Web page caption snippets
◆ ◆ ◆ ◆ ◆ ◆ ◆

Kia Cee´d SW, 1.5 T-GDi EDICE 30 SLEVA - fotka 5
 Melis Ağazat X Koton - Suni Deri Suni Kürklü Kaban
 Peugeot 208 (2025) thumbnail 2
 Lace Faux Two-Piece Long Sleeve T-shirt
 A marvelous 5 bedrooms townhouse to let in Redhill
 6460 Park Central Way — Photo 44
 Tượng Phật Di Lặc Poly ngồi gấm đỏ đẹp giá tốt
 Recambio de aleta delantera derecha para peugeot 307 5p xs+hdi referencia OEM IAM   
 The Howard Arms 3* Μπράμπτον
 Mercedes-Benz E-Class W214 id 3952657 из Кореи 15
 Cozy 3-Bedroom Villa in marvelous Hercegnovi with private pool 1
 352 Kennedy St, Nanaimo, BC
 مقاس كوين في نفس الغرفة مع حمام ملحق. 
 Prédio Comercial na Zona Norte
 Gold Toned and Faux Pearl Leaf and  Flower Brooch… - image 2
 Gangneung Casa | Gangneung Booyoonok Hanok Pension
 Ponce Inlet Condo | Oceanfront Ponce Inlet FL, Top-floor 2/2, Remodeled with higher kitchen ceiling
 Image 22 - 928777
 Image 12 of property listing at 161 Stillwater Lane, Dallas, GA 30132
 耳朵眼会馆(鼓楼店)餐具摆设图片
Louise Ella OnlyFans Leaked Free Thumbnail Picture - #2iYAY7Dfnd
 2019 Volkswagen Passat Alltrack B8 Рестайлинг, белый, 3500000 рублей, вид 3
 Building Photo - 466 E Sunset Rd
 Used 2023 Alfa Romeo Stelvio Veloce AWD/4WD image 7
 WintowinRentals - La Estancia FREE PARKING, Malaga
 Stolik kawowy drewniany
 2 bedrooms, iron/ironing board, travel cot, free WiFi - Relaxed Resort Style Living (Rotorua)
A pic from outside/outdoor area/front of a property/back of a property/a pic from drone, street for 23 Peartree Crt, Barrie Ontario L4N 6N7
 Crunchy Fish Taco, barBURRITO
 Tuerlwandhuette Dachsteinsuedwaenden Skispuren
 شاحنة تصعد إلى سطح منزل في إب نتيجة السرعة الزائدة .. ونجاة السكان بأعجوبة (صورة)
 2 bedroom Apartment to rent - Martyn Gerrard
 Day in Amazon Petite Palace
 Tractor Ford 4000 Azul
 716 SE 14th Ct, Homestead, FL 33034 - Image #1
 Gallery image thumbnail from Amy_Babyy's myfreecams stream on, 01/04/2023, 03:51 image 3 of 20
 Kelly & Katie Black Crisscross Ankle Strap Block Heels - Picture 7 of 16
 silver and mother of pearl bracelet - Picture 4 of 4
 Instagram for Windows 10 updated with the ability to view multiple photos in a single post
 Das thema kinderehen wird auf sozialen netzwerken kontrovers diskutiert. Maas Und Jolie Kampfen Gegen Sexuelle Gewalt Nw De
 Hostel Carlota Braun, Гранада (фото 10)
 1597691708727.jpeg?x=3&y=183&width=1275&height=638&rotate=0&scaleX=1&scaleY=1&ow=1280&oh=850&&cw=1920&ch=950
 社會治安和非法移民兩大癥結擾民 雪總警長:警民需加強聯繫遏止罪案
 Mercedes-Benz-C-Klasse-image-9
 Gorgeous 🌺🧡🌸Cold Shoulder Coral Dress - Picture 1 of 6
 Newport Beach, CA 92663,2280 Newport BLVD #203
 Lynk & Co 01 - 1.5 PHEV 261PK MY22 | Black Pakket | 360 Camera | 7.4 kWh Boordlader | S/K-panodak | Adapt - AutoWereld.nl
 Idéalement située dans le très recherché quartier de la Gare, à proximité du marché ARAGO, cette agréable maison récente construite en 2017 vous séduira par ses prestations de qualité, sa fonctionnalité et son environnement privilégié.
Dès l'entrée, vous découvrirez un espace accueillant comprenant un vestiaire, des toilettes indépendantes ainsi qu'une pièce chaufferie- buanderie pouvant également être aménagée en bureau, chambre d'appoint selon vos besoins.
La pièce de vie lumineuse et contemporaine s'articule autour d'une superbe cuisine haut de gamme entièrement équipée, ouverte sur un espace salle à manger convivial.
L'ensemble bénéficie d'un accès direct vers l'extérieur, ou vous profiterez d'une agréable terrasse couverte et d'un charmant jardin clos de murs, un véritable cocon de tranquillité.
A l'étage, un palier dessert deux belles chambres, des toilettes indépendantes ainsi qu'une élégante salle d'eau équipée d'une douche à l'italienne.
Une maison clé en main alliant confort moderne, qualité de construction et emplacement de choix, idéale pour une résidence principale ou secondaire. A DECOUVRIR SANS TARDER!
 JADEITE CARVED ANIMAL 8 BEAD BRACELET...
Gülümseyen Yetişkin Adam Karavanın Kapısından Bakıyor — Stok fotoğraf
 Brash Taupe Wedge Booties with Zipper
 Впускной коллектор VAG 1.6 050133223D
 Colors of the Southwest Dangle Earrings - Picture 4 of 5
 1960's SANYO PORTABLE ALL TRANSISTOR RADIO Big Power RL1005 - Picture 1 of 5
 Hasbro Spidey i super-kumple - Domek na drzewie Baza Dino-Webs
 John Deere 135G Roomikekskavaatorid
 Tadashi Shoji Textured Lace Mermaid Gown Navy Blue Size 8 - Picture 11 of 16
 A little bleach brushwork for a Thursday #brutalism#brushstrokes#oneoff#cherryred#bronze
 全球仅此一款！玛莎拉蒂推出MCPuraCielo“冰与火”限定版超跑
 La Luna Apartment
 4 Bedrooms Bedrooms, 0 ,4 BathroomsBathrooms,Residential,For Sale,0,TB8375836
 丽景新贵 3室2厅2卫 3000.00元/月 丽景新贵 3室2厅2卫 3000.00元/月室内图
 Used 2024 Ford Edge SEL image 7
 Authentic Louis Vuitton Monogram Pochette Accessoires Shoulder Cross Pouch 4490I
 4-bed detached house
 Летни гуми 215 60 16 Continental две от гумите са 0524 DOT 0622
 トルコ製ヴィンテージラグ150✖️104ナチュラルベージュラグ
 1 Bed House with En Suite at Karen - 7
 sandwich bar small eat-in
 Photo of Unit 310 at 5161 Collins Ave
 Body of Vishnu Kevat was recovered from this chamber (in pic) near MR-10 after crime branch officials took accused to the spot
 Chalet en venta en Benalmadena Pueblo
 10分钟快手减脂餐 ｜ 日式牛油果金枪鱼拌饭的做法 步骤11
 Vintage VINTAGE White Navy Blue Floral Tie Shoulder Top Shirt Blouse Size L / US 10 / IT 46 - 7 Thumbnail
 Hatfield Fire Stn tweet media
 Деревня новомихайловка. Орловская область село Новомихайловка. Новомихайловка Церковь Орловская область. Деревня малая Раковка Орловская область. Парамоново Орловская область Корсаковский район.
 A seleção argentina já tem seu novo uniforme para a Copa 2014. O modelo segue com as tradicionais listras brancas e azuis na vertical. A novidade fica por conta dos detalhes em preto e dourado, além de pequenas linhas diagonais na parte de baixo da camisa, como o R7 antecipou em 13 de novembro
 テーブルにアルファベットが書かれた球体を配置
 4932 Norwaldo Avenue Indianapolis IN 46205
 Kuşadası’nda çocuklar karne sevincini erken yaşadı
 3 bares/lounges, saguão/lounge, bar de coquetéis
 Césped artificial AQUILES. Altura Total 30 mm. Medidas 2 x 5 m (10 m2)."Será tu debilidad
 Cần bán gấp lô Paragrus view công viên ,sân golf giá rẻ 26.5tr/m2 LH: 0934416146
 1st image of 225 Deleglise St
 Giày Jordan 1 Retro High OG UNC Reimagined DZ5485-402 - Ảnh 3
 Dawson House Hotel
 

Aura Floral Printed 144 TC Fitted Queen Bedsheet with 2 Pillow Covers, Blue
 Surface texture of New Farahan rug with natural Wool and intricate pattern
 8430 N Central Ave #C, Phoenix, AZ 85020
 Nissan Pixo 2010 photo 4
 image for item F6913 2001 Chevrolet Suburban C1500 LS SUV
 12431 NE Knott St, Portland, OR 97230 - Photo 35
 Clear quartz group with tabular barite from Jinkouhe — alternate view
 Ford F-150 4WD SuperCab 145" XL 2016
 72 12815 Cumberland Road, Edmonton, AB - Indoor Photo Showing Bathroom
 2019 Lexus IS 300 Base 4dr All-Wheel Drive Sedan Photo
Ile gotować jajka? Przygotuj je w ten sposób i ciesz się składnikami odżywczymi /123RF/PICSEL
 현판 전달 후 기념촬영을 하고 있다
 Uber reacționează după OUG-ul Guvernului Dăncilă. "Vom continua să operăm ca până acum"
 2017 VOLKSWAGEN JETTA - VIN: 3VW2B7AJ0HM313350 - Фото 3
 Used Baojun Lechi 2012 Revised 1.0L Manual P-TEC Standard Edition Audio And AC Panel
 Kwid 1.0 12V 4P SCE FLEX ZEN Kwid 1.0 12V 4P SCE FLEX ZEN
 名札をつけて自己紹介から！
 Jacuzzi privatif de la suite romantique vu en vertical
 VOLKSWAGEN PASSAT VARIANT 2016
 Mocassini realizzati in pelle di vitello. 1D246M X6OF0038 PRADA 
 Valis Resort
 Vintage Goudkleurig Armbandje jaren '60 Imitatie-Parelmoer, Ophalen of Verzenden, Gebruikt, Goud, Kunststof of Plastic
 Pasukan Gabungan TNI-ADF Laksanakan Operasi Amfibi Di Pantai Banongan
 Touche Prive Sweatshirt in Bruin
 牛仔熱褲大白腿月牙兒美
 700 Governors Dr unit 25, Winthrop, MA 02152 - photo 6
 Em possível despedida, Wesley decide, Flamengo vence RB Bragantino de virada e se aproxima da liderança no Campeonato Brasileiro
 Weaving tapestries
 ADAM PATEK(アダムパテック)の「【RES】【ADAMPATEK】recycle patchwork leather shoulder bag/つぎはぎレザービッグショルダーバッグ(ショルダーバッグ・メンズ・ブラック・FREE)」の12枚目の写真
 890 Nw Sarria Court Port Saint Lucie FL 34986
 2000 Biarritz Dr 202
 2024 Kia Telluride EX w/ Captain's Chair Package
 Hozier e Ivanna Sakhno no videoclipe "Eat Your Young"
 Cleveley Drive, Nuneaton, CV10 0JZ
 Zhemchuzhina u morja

◆ ◆ ◆ ◆ ◆ ◆ ◆

Look above for the line with "WintowinRentals - La" and the line with "Gallery image thumbnail". Retype those two lines and every line between them exactly, adding nothing.

 WintowinRentals - La Estancia FREE PARKING, Malaga
 Stolik kawowy drewniany
 2 bedrooms, iron/ironing board, travel cot, free WiFi - Relaxed Resort Style Living (Rotorua)
A pic from outside/outdoor area/front of a property/back of a property/a pic from drone, street for 23 Peartree Crt, Barrie Ontario L4N 6N7
 Crunchy Fish Taco, barBURRITO
 Tuerlwandhuette Dachsteinsuedwaenden Skispuren
 شاحنة تصعد إلى سطح منزل في إب نتيجة السرعة الزائدة .. ونجاة السكان بأعجوبة (صورة)
 2 bedroom Apartment to rent - Martyn Gerrard
 Day in Amazon Petite Palace
 Tractor Ford 4000 Azul
 716 SE 14th Ct, Homestead, FL 33034 - Image #1
 Gallery image thumbnail from Amy_Babyy's myfreecams stream on, 01/04/2023, 03:51 image 3 of 20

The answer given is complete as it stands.